Plus qu’une prise de conscience, c’est un devoir pour les entreprises et les organisations de se protéger contre les menaces informatiques, dont les conséquences peuvent être dramatiques : image écornée, pertes financières, rançonnage, vol de données client, de brevets ou secrets professionnels, arrêt d’une exploitation, voire même danger majeur pour les populations, si l’attaque vise une infrastructure sensible.
A un premier niveau, des opérations de sensibilisation permettent aux employés, quelles que soient leurs compétences techniques, de connaître les fondamentaux des comportements à adopter. C’est ce que l’ANSSI appelle « l’hygiène informatique ». A l’image des règles de sécurité sanitaire, un entrainement régulier s’impose, afin de créer des automatismes. Ainsi, il conviendrait de créer de manière récurrente des exercices de crise cyber touchant une large part des employés, afin de les sensibiliser aux risques.
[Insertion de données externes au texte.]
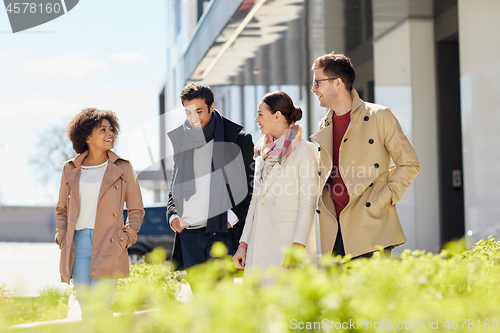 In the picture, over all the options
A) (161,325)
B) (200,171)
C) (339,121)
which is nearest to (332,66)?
(339,121)

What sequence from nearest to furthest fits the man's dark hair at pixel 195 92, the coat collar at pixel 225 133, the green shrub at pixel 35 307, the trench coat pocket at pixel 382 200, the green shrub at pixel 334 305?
the green shrub at pixel 334 305
the trench coat pocket at pixel 382 200
the man's dark hair at pixel 195 92
the coat collar at pixel 225 133
the green shrub at pixel 35 307

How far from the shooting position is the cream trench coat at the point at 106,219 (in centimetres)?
390

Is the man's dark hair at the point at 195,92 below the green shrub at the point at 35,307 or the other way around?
the other way around

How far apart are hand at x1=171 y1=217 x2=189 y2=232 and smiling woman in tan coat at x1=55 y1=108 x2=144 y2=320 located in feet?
1.20

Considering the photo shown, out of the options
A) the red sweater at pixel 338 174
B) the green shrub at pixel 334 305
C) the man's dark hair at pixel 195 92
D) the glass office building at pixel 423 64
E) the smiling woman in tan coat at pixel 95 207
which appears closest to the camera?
the green shrub at pixel 334 305

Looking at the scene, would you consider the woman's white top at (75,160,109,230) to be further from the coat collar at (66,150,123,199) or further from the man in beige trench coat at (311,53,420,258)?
the man in beige trench coat at (311,53,420,258)

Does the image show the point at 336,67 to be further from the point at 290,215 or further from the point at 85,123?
the point at 85,123

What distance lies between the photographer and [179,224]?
3.88 meters

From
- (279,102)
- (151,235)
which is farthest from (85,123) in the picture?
(151,235)

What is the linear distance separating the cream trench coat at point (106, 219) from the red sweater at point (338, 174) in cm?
165

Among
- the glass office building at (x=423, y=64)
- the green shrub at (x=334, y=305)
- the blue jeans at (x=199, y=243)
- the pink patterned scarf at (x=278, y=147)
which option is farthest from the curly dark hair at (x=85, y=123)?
the glass office building at (x=423, y=64)

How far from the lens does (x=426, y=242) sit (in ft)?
30.7

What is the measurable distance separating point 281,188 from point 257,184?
0.22m

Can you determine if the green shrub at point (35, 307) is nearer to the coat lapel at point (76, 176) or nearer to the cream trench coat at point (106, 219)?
the cream trench coat at point (106, 219) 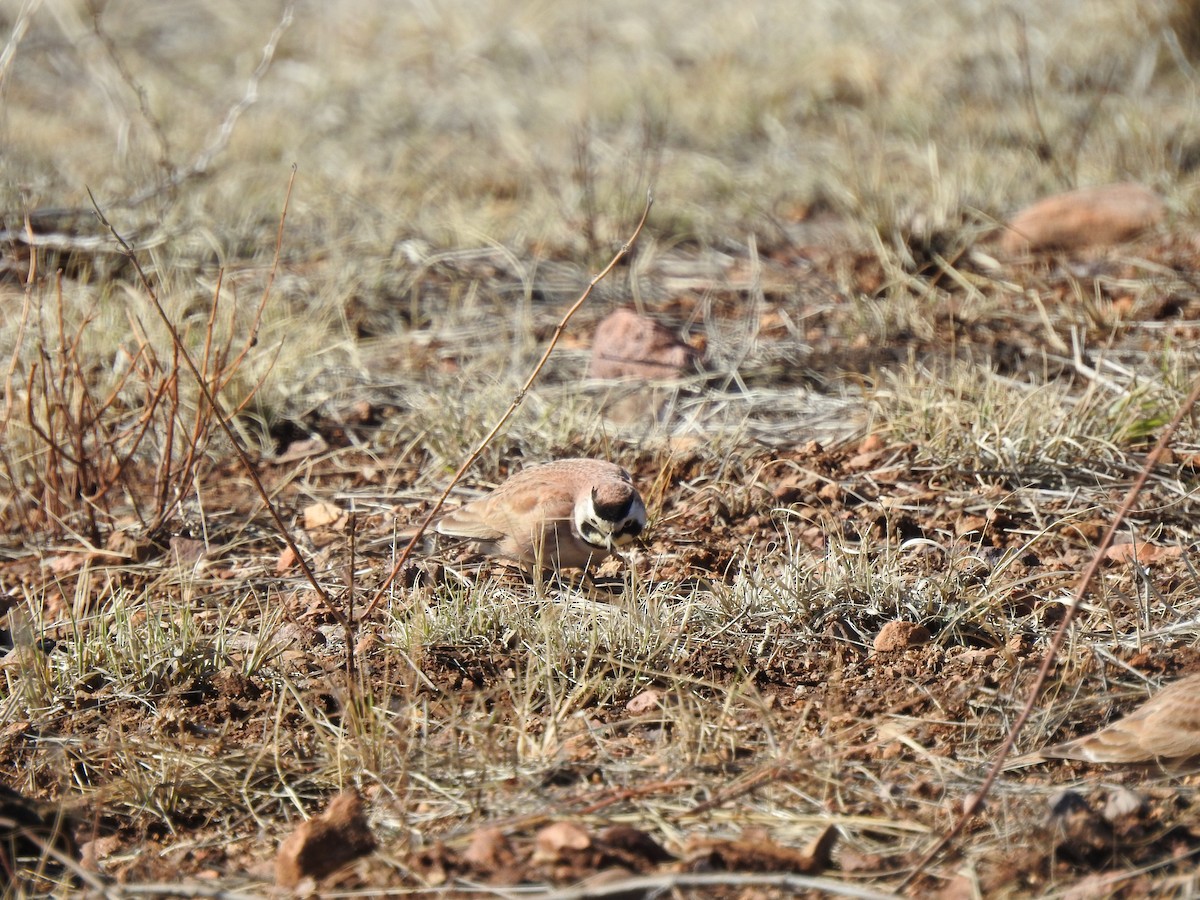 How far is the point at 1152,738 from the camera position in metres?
Answer: 2.81

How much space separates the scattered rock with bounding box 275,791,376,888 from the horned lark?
3.71 feet

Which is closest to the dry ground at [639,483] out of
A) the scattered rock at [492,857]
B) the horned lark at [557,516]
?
the scattered rock at [492,857]

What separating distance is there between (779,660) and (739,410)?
1669 millimetres

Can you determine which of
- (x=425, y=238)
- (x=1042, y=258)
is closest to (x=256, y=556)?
(x=425, y=238)

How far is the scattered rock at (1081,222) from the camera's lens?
6.14 meters

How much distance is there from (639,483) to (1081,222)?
2.90 metres

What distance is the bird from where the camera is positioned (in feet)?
9.19

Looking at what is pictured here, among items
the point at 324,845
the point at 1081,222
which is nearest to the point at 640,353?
the point at 1081,222

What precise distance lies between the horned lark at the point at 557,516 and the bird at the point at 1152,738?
4.46 feet

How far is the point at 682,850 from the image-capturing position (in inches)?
106

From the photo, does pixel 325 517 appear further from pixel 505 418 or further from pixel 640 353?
pixel 505 418

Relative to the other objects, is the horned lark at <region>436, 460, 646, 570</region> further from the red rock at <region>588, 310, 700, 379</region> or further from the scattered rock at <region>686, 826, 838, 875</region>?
the scattered rock at <region>686, 826, 838, 875</region>

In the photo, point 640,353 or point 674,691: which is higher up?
point 640,353

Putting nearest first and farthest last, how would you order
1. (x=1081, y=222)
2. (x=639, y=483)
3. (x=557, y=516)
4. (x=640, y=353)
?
1. (x=557, y=516)
2. (x=639, y=483)
3. (x=640, y=353)
4. (x=1081, y=222)
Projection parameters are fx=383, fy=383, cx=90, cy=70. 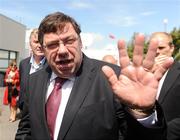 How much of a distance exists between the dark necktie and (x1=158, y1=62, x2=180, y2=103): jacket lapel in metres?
1.18

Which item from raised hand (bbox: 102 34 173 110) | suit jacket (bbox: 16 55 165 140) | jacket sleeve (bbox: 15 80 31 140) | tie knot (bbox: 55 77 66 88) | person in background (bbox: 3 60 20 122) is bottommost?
person in background (bbox: 3 60 20 122)

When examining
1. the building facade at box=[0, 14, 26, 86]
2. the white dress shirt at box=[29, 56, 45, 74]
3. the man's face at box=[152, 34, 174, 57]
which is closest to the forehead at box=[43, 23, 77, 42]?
the man's face at box=[152, 34, 174, 57]

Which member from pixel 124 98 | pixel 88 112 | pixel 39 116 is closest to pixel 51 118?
pixel 39 116

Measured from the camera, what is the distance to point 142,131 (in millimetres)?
2393

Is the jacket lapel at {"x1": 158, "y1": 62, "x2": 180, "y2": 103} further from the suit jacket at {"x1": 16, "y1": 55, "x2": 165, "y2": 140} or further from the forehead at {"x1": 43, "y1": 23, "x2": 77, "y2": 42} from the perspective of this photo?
the forehead at {"x1": 43, "y1": 23, "x2": 77, "y2": 42}

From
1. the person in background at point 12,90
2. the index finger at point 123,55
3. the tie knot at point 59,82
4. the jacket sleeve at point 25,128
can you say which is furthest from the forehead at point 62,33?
the person in background at point 12,90

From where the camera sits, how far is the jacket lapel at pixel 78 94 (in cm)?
285

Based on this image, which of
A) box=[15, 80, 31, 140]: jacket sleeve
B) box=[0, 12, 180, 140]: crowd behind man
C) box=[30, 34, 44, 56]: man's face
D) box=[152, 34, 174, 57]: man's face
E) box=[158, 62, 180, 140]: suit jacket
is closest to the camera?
box=[0, 12, 180, 140]: crowd behind man

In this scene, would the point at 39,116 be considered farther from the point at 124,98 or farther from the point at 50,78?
the point at 124,98

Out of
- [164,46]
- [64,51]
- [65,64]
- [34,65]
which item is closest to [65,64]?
[65,64]

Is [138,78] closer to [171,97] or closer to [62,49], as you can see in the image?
[62,49]

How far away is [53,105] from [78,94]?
0.22 m

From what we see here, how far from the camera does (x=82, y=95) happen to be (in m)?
2.91

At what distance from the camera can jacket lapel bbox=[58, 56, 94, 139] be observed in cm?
285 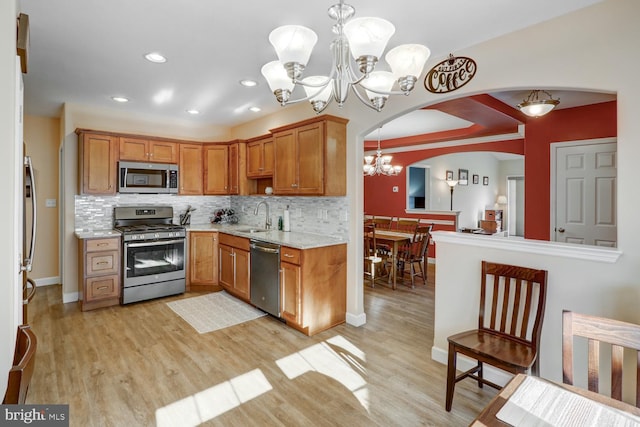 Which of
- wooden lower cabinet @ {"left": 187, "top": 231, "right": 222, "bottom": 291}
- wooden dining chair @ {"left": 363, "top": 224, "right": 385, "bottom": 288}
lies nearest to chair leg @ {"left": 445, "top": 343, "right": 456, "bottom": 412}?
wooden dining chair @ {"left": 363, "top": 224, "right": 385, "bottom": 288}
Un employé averti en vaut deux, et le coût du montage de tels exercices est largement amorti par la diminution du risque induit par les bons réflexes créés à tous les niveaux de l’entreprise.
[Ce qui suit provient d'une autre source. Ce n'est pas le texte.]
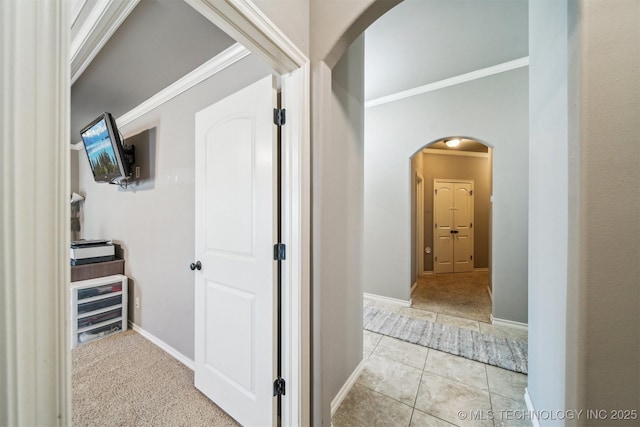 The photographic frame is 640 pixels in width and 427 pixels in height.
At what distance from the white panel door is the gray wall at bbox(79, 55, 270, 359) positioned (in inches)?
180

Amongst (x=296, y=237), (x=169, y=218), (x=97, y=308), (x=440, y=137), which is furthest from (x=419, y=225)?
(x=97, y=308)

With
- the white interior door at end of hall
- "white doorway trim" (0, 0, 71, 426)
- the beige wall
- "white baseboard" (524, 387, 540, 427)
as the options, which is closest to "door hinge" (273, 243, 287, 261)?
the white interior door at end of hall

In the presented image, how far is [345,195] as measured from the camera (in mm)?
1587

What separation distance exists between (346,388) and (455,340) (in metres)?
1.32

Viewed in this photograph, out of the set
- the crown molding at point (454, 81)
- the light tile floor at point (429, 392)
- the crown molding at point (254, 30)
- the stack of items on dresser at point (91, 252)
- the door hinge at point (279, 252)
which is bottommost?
the light tile floor at point (429, 392)

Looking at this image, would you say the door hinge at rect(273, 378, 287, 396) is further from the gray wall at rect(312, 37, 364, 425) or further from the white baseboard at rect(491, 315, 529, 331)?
the white baseboard at rect(491, 315, 529, 331)

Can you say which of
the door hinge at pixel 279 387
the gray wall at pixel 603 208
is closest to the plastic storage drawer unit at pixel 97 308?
the door hinge at pixel 279 387

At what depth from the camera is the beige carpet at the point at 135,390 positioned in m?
1.48

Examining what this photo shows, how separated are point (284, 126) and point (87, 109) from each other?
297cm

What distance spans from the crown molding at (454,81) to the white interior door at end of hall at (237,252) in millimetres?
2551

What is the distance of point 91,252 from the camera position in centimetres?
258

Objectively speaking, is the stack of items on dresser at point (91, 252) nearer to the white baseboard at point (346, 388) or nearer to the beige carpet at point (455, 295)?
the white baseboard at point (346, 388)

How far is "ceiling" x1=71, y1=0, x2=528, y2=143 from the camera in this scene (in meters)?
1.46

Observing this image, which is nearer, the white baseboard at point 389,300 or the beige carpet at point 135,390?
the beige carpet at point 135,390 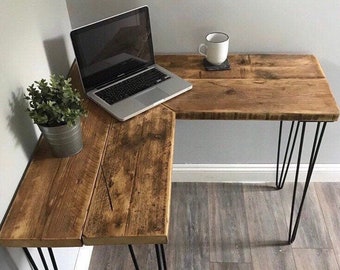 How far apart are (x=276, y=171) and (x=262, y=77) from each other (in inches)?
26.5

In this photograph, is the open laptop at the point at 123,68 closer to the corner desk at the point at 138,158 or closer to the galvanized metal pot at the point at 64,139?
the corner desk at the point at 138,158

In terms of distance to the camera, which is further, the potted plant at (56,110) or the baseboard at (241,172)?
the baseboard at (241,172)

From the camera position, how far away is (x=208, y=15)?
4.97 feet

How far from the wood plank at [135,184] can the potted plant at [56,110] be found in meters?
0.15

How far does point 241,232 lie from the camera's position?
1797 mm

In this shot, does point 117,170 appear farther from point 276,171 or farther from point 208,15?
point 276,171

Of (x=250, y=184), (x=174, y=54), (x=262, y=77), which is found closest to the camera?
(x=262, y=77)

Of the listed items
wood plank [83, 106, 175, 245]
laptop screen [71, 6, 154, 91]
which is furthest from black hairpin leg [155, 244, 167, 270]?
laptop screen [71, 6, 154, 91]

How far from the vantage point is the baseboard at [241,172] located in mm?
1961

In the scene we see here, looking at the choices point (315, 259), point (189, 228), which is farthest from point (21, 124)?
point (315, 259)

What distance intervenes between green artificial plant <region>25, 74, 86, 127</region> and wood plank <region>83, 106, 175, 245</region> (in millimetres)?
175

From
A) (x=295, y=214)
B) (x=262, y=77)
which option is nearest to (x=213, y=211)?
(x=295, y=214)

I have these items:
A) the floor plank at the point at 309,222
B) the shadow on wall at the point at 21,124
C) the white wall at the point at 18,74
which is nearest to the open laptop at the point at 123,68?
the white wall at the point at 18,74

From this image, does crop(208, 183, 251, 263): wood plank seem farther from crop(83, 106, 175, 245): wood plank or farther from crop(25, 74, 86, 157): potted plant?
crop(25, 74, 86, 157): potted plant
L’entrainement des professionnels de la cybersécurité d’une entreprise ou société de service spécialisée doit, lui, aller bien plus loin. Afin d’acquérir et de conserver les réflexes indispensables à ces métiers de protection du cyberespace, les professionnels doivent se former, puis s’entrainer en permanence. Dans un parallèle avec la sécurité physique, on n’imagine pas le GIGN ou le RAID partir en mission sans un entrainement préalable d’une intensité telle qu’elle amène ses personnels à agir de manière réflexe, avec une extrême efficience une fois sur le terrain. Confronté à une attaque de grande ampleur, les équipes de réponse aux incidents informatiques devront, elles-aussi, être prêtes.
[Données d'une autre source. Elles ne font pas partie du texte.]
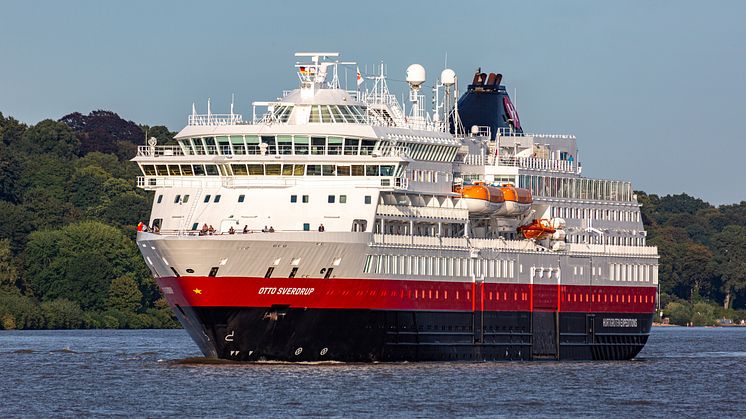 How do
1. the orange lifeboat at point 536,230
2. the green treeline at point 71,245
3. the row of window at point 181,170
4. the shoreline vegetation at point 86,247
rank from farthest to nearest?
1. the shoreline vegetation at point 86,247
2. the green treeline at point 71,245
3. the orange lifeboat at point 536,230
4. the row of window at point 181,170

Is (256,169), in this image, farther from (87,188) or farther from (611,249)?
(87,188)

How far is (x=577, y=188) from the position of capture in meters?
97.4

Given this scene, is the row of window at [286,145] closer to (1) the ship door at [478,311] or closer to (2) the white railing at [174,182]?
(2) the white railing at [174,182]

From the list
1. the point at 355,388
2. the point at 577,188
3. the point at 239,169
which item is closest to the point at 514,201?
the point at 577,188

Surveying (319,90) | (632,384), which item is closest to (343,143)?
(319,90)

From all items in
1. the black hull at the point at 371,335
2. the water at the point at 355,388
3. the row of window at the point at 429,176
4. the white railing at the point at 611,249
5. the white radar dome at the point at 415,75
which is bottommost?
the water at the point at 355,388

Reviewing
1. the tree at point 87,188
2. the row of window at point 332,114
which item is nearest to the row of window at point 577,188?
the row of window at point 332,114

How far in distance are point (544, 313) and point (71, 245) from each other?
6174 centimetres

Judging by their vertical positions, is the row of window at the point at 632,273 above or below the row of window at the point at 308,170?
below

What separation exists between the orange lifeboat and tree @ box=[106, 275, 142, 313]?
58.0 m

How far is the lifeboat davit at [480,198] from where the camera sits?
3438 inches

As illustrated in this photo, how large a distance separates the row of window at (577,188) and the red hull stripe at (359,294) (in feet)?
16.5

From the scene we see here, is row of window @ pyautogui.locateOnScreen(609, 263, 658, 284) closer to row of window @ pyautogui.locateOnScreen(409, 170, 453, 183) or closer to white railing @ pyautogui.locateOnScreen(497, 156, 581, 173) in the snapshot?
white railing @ pyautogui.locateOnScreen(497, 156, 581, 173)

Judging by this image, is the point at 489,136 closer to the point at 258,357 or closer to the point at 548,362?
the point at 548,362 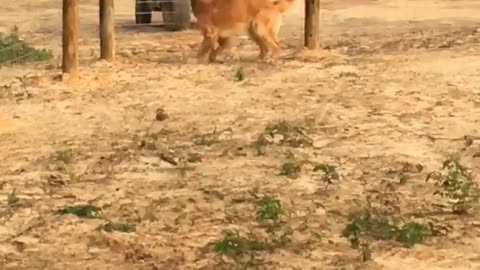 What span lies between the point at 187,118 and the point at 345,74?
2.39 m

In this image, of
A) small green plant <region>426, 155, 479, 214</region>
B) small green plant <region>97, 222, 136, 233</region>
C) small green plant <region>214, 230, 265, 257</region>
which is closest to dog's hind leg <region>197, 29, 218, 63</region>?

« Plus je m’entraîne et plus j’ai de la chance »
On distingue la formation de l’entraînement par le caractère immersif de ce dernier. La formation va permettre de développer des compétences théoriques selon une démarche pédagogique adaptée. L’entrainement, quant à lui, consiste à effectuer une mise en situation dont le niveau de difficulté sera corrélé au niveau de compétence du professionnel. Là où la formation permet de connaître les techniques de base composant la boite à outil du cyberdéfenseur, l’entrainement permet de les maîtriser par la mise en pratique, afin d’augmenter la qualité et la vitesse d’exécution et de diminuer le stress en situation réelle. C’est l’entrainement qui permet d’acquérir les réflexes vitaux en cas d’agression et d’augmenter son efficacité.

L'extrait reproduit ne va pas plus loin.